The climb is very steep; rising nearly from sea level in Lions Bay, to over 1280 meters. The Two Lions tower over the North Shore mountains, with views extending all the way to the US. Mount Washington is visible from the peak on a clear day to the south. The Two Lions offer a challenging hike, and is only 45 minutes driving from the downtown core.
This hike attracts many weekend hikers, but if you’re up for an intense cardio and leg burn, this is the climb for you!
Starting in Vancouver make your way along highway 1, until Horseshoe Bay where it splits into highway 99 heading north. Take the Sea-to Sky highway until you reach the town of Lions Bay. You will see signage only 15 minutes outside Horseshoe Bay.
The trail leading up to the Lions can be difficult to find. Look for a small parking lot at the end of Sunset Drive. Parking is a challenge- especially during the peak months of July and August. So get a spot early.
Leaving the parking lot, you almost immediately find yourself on a steep gravel trail that leads around a water treatment area of West Vancouver. Continue on, and the trail turns from a wide gravel logging road to a small gravel pathway, that continues up the side of the mountain. Footing can be a challenge here, I advise wearing solid gripping hiking shoes as there’s a lot of loose gravel and debris.
Water is really lacking on this climb. You will pass a small stream roughly an hour into the hike, I definitely advise filling up if you have limited water at this point, since it’s the last chance you will have until you make the return trip. I recommend carrying a hydration system such as this one from Amazon.
Making your way further up the
mountain, after roughly 1.5 hours, the trail will reach a plateau. From here you will be able to view the back of Cypress Mountain. The twin peaks of the lions will be visible to the south, directly in front of you. This is a good chance to change out clothing or footwear if you have brought it. The terrain changes dramatically from a dense forest, to a very barren rock scramble. At this point, depending on the time of day, you will not need layers of clothing. The sun can get very hot as you make your ascent on the west side of peak 1.
The rock scramble changes in severity. At the mid-way point, you will be required to traverse very large boulders that have fallen down the side of the mountain. While they can be visually daunting, the task is very straight forward and provides you very good footing for a speedy descent on the way back. Once you have accomplished this section of the climb, the trail head will appear, and you will reach the crest located in between the two peaks. The view from here is stellar on a clear day, with Lynn Valley watershed and north Vancouver to the southeast, and a spectacular panorama view of Howe Sound and the Gulf Islands to the northwest. Take you time to recover post rock scramble and make your final ascent to the north, on top of peak 2.

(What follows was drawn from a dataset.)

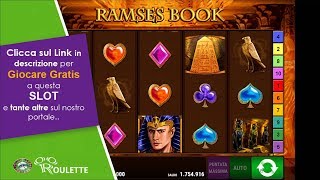 Giochi Social Slot Gratis  - RAMSES BOOK  - slot Gamomat con Jackpot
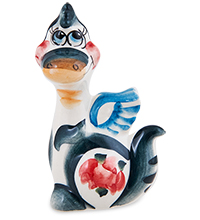 ГЛ- 893 Фигурка «Дракон» цв. (Гжельский фарфор)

Making you way to the top of the peak can be tricky, there’s a lot of loose rock and some very vertical areas. You will need to take it slow, and hand-over-hand a few areas.
You will be required to do a little freestyle rock climbing, as you make your way up the final third. This area can be particular difficult. Weather conditions are important; North Shore Search and Rescue has been called on many occasions to airlift stranded hikers, who didn’t gauge the severity of the climb at this point. Always start early in the morning and come adequately prepared.
Once you reach the peak, the north area of Cypress and Grouse Mountains come into view. As well as a 360-degree view of the aforementioned North Shore and Howe Sound. It is truly breathtaking on a clear day. The real challenge to The Two Lions, is the sheer vertical ascent of the climb. While many other hikes on the South Coast offer a mix of dense forest and rock climbs, The Two Lions really is just a vertical assault up the side of the mountain. You will get a full leg and quad workout, and the descent is almost more challenging, as you work the thigh and calf muscles to the max.
Traversing down will require a fair bit of navigation, as the rock scramble is not clearly marked. Note the route you took on the ascent, and as always, give yourself plenty of daylight to make the return trip.
The Lions is easily accessible from downtown Vancouver, and offers a peak workout, stunning views all within the confines of West Vancouver. Enjoy!